» TASK GOAL: Leave out all pictures. Extract exactly the lines from the one containing "Used 2022 Ford" through the end of the data.

» AVAILABLE DATA:

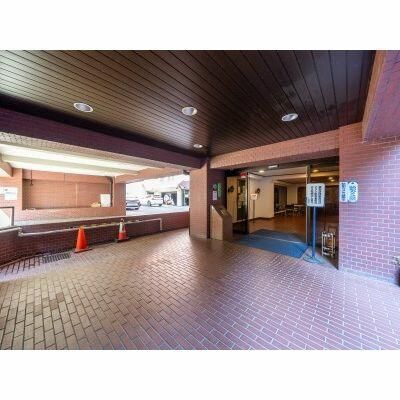 マンション広尾台のエントランス|毎日通るエントランスはこのようになっています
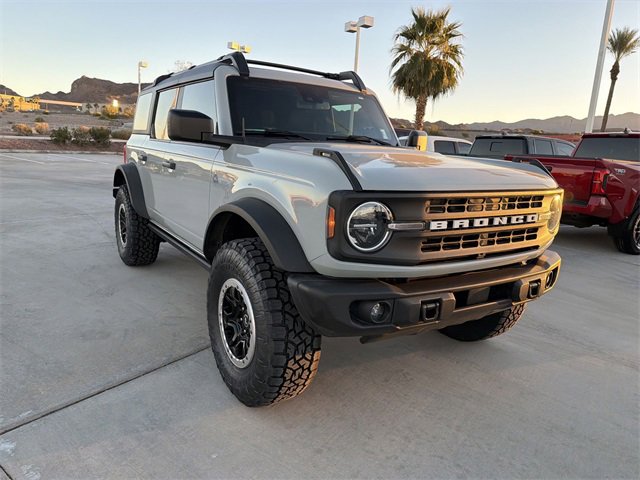 Used 2022 Ford Bronco Black Diamond w/ Sasquatch Package image 3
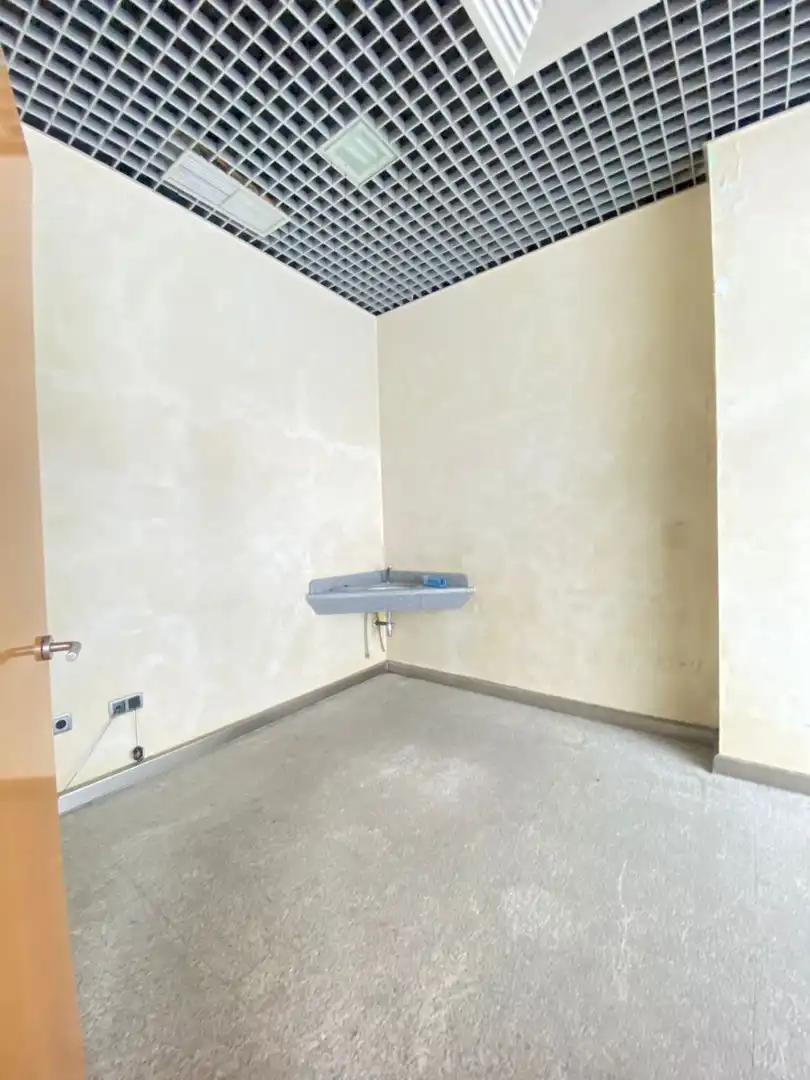 Badezimmer von Geschaftsraum zum Verkauf in Marbella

» REPLY:
 Used 2022 Ford Bronco Black Diamond w/ Sasquatch Package image 3
 Badezimmer von Geschaftsraum zum Verkauf in Marbella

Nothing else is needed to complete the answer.